Schenectady County

Schenectady firefighters’ gear found to be insufficient

The city has to repair or replace at least half of its firefighters’ turnout gear after discovering

The city has to repair or replace at least half of its firefighters’ turnout gear after discovering that many of the jackets and pants could no longer hold up in a fire.

The vapor barrier inside the gear, which protects firefighters from steam burns, is wearing out. That means firefighters who hold hoses at a fire are at risk of being scalded by the clouds of steam created when the water hits the fire.

“Let’s say you’re in a burning room. You’re holding the hose on the fire. Now you hit it with the water. Now you’re in a room full of steam,” firefighter union President David Orr said.

Without the vapor barrier, that steam will burn the firefighter instantly. Steam burns are so pervasive that firefighters commonly get them if they don’t cover every inch of skin with clothing that includes a functional vapor barrier, Orr said.

The situation is so serious that acting Mayor Gary McCarthy ordered that every piece of gear — every jacket and every pair of pants — be inspected after several dozen pieces failed a routine inspection.

The department has borrowed new gear from Globe, the company that makes Schenectady’s gear. Globe is now repairing many of the jackets and pants that failed the first inspection.

The city could simply buy new gear, but “easily” 60 sets would be needed, Orr said. That would cost $90,000 to $114,000, depending on what additional safety measures are built into the gear. One set costs $1,500 to $1,900.

“In a flush budget, sure, it can be done easily,” Orr said.

But the city has already cut every department budget, and the City Council is trying to cut $1 million from its $6.9 million proposed for borrowing next year. The cut would allow the city to stay within recommended debt guidelines, but it means that finding an extra $100,000 is no longer a simple matter.

So inspectors are determining which gear can be repaired and at what cost. So far, only one set needed to be entirely replaced. But some others cost so much to repair that it might make better financial sense to replace them.

“Our intent in testing the gear was to try to work within a limited budget,” Orr said. “But repair, that’s really only a short-term solution.”

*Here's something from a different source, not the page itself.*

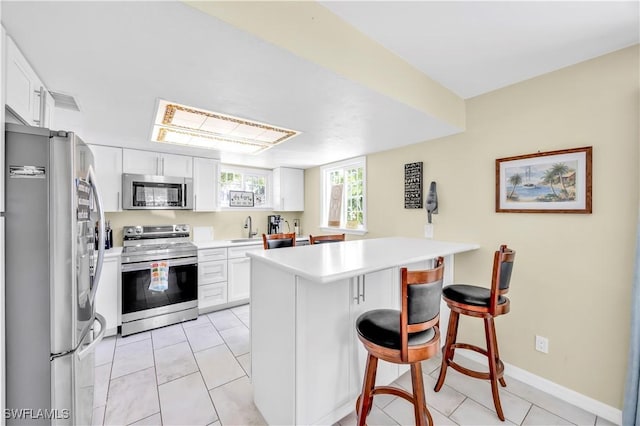 kitchen with appliances with stainless steel finishes, a sink, a peninsula, and white cabinets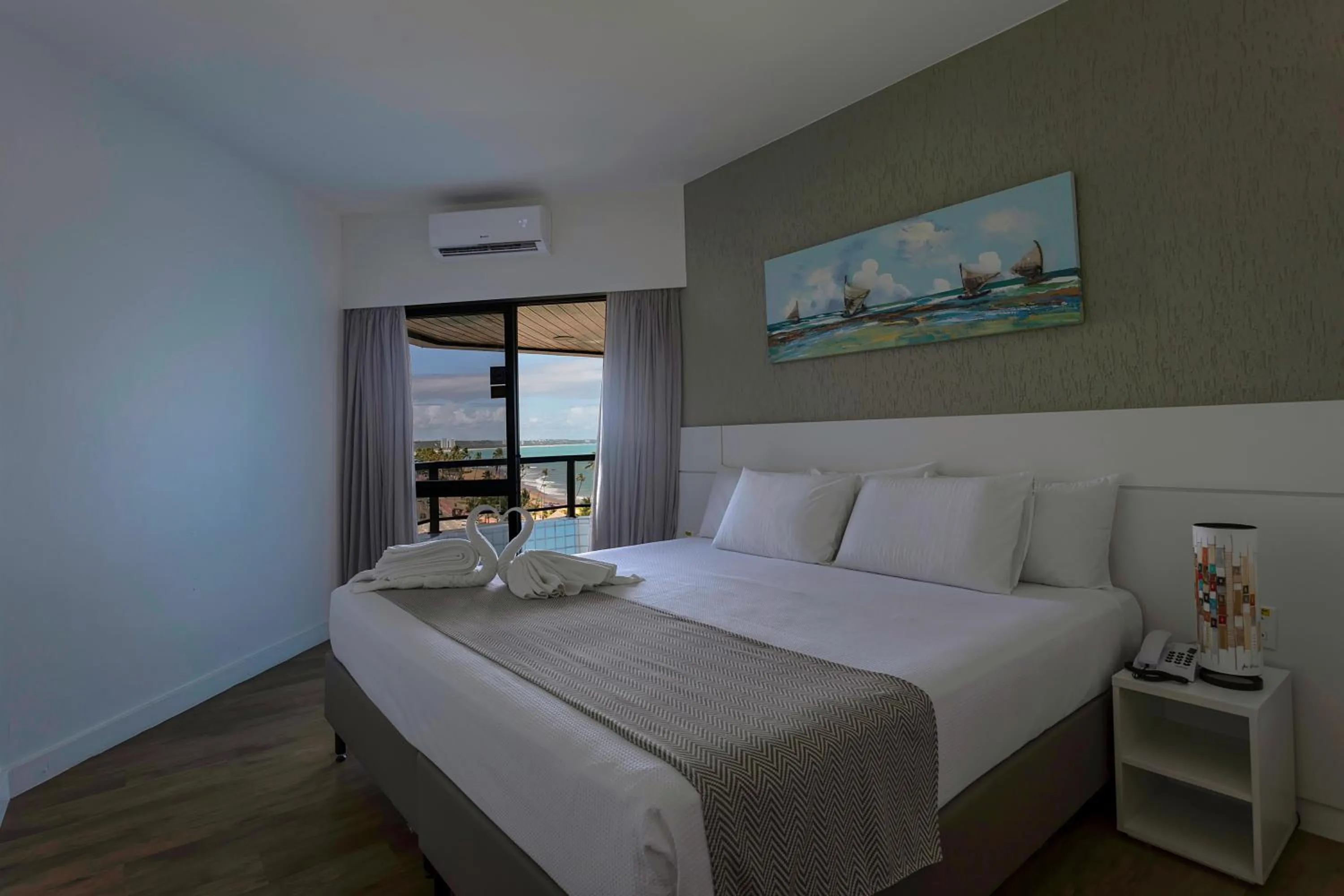 Bed in Maceió Atlantic Suites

The city has already applied for a grant to buy new gear, but the results won’t be announced until next summer.

That’s too long to wait.

“We do need them right now,” Orr said.

City Council members said they intend to buy whatever is needed — but they have not yet decided what to cut in its place. Budget committee Chairman Thomas Della Sala said he’s still waiting for final cost estimates. The last estimate showed that the cost was going down as firefighters found more pieces that could be repaired.